Fully inclusive playground opens to everyone in Scottsdale

A playground built for all children opened Wednesday at Chaparral Park in Scottsdale, and it has some pretty unique features.

All 37 playgrounds in the city meet accessibility guidelines set by the Americans with Disabilities Act (ADA), but it may not always guarantee inclusion, often times leaving out children with disabilities.

So, the city decided to make some changes to the community.

"It always is nice when we're talking about parks and recreations for the 13th happiest city in the country," said Scottsdale Mayor Jim Lane. "I mean these are big components."

Lane spoke during the ribbon-cutting ceremony at Chaparral Park.

"Making and designing a playground that is accessible and workable for everybody was the ultimate goal, and I think we've achieved that," said Lane.

Parks and Recreation Manager Brett Jackson is proud of what he and his team were able to accomplish. He said the playground is special for many reasons.

"It is the first in Arizona to be a national demonstration site," said Jackson. "I guess it's kind of an example of what the best practices are in the industry when it comes to inclusiveness, and son we are really proud to carry that banner and say Scottsdale was the first."

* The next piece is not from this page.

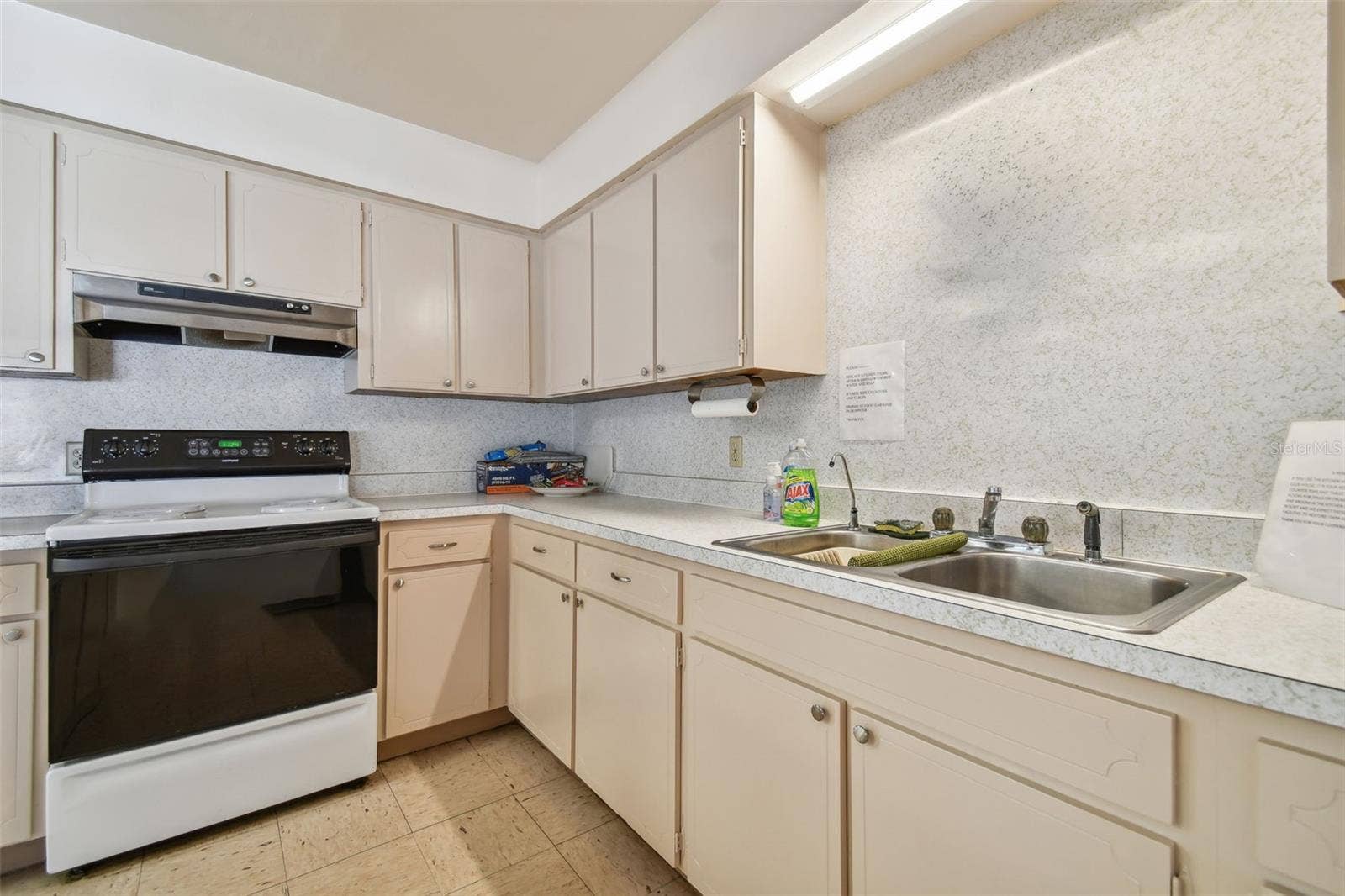 7079 LAFAYETTE N, Pinellas Park, FL 33781 7079 LAFAYETTE N, Pinellas Park, FL 33781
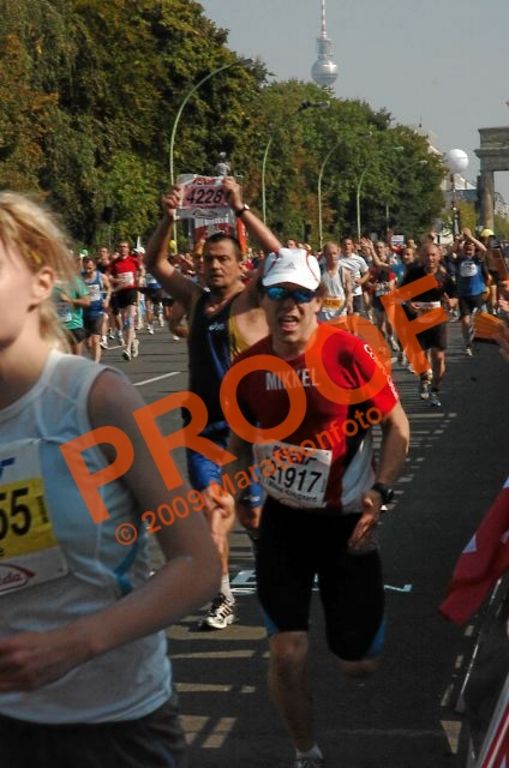 gal/BerlinMarathon_2009/0MF_Mikkel_04.jpg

The playground equipment is designed for people of all ages and abilities.

"We have a couple of spinning type of pieces of equipment, where those with cognitive disabilities kind of enjoy the sensation," said Jackson. "We have a couple of swings that a little bit more supportive than your normal infant swing or belt swing."

There are also ramps and platforms that are wider, which will make it easier for those in wheelchairs.

For one mother, the playground is a great addition to the community.

"The fact that it's ADA accessible, and if there are kids here with special needs taking advantage of it," said Christie Erickson-Davis. "I think it's fantastic for my kids, for all kids, because it's great for them to interact with each other."

The playground is not only for those with disabilities. There are challenging equipment for able-bodied children, allowing everyone to participate together.